Studio album by Bad Bunny
- Released: October 13, 2023
- Genres: Latin hip-hop; Latin trap; Jersey club; reggaeton;
- Length: 81:18
- Language: Spanish
- Label: Rimas
- Producers: Albert Hype; Argel; Buho; Byrd; Chris Jedi; Mick Coogan; Aidan Cullen; DJ Joe; Digital Jet; Edsclusive; Foreign Teck; Frankie; Gaby Music; Hassi; Hydro; La Paciencia; Lanalizer; Mag; Maker; Jon Mili; Sauceman36; Smash David; Stats; Tainy; Zazu;

Bad Bunny chronology
| Un Verano Sin Ti (2022) | Nadie Sabe Lo Que Va a Pasar Mañana (2023) | Debí Tirar Más Fotos (2025) |

Singles from Nadie Sabe Lo Que Va a Pasar Mañana
- "Where She Goes" Released: May 18, 2023; "Un Preview" Released: September 26, 2023; "Monaco" Released: October 13, 2023; "Baticano" Released: October 31, 2023; "Perro Negro" Released: November 17, 2023; "No Me Quiero Casar" Released: December 31, 2023; "Acho PR" Released: March 10, 2024; "Seda" Released: October 13, 2024;

= Nadie Sabe Lo Que Va a Pasar Mañana =

Nadie Sabe Lo Que Va a Pasar Mañana (/es/; ) is the major-label debut solo studio album (sixth overall) by Puerto Rican rapper and singer Bad Bunny. It was released on October 13, 2023, through Rimas, following the release of his previous record Un Verano Sin Ti (2022). It features guest appearances from Arcángel, Bryant Myers, De la Ghetto, Eladio Carrión, Feid, Luar la L, Mora, Ñengo Flow, Young Miko, and YovngChimi.
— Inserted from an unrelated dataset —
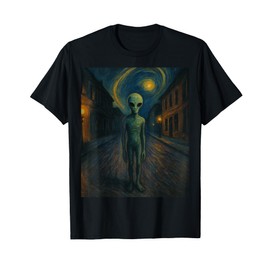 Alien UFO Tee Van Gogh Style Starry Night Cryptozoology T-Shirt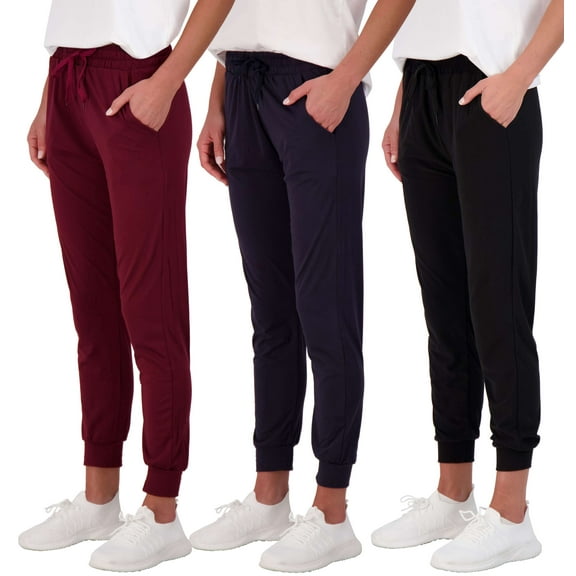 Real Essentials 3 Pack: Women's Ultra-Soft Lounge Joggers Athletic Yoga Pants with Pockets (Available in Plus Size)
At the 67th Grammy Awards, it was nominated for Best Música Urbana Album. To promote the album, Bad Bunny embarked on the Most Wanted Tour in 2024.

==Background and singles==
His fourth studio album Un Verano Sin Ti was released on May 6, 2022, and went on to top the US Billboard 200 for 13 non-consecutive weeks, becoming his most successful album to date. Additionally, it was widely regarded as one of the most critically acclaimed albums of 2022 by the end of the year. In December 2022, he announced that he would take an extended break throughout 2023 which eventually resulted in a five-month long social media break. During this break, Martínez remained active by headlining his Coachella 2023 set and releasing a collaboration with Grupo Frontera titled "Un x100to".

He returned to social media on May 15, 2023, and announced the lead single "Where She Goes" only three days later. The track blends "elements of dembow and Jersey club" and proved another commercial success for the singer, reaching the top-ten in ten countries. The second single and "possible last song" of 2023 "Un Preview" was released on September 26, and poses a "small preview of what is coming" in 2024, according to the musician himself.

A first allusion to the album title was made at the end of the music video of "Where She Goes" with a billboard displaying the phrase "Nadie sabe...". In early October, similar billboards reading "Nadie sabe si será este año o el próximo" ("No one knows if it will be this year or next") by Spotify appeared in Mexico, Colombia, Chile, and Argentina. The shortened title would then occupy his biography section on Twitter on October 8. In addition, the musician would wipe his Instagram account and post a tracklist of 22 songs, each described as "fuego". In an interview for the October 2023 issue of Vanity Fair, it was revealed that the album would be released in fall 2023. Fluctuating between Los Angeles and Puerto Rico, he has been "experimenting with a new musical mood", citing music of the 1970s across genres "in both Spanish and English" as his main influences. The artist also promised the next album, set to be his most personal yet, to not sound like its predecessor, as he is "always going to look for a way to do something new". On October 9, Martínez shared an album trailer and announced the full album title along with its release date.

== Composition ==
Nadie Sabe Lo Que Va a Pasar Mañana is primarily a Latin trap and reggaeton album that expands on the sound Bad Bunny built early on in his career, with additional influences of Jersey club, house, drill, hip-hop, avant-garde, electronic, ballad, dancehall, reggae, dembow, hyperpop, sandungueo, synth-pop, R&B, orchestra, and symphonic.

== Critical reception ==

On review aggregator Metacritic, Nadie Sabe Lo Que Va a Pasar Mañana received a score of 82 out of 100 based on 5 reviews, indicating "universal acclaim".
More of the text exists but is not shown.